What needs to be done:
Omitting all pictures, print the lines of the listing from the one containing "Lunga piuma semplice" through the final line, both ends included, with no other text.

:: Dataset excerpt

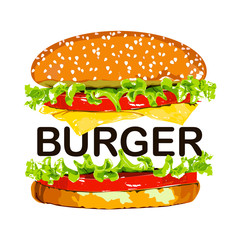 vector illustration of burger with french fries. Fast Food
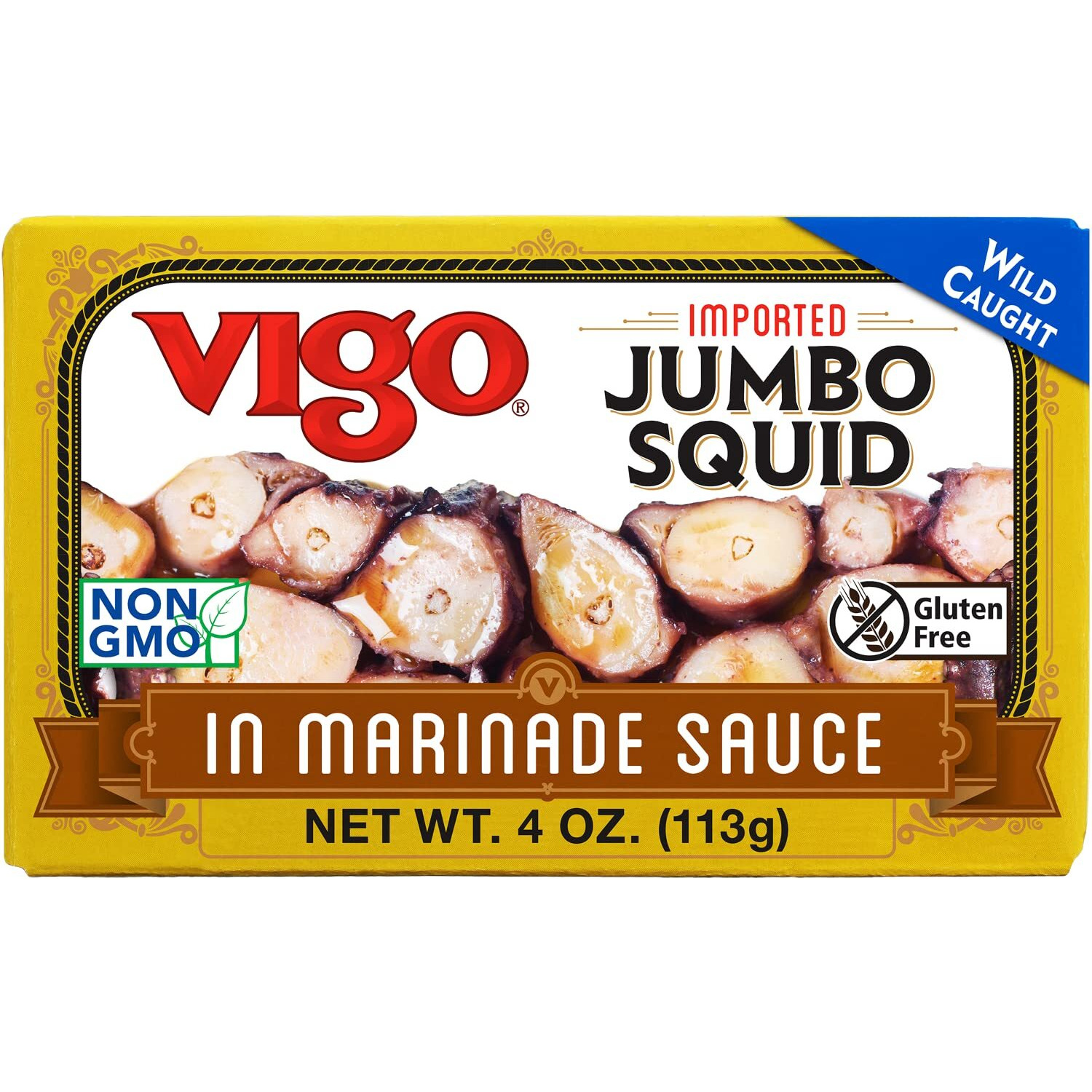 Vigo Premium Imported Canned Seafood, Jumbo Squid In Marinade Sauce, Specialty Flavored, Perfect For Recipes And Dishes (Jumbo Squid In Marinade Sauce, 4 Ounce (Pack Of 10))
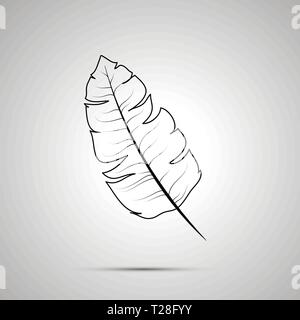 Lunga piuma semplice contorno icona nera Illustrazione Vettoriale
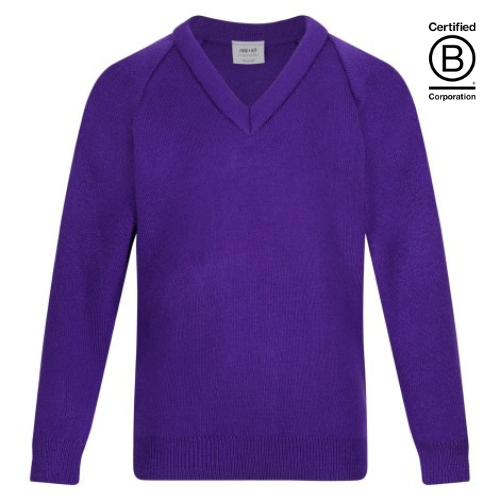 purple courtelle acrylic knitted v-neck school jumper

::::

Output for this exercise:
 Lunga piuma semplice contorno icona nera Illustrazione Vettoriale
 purple courtelle acrylic knitted v-neck school jumper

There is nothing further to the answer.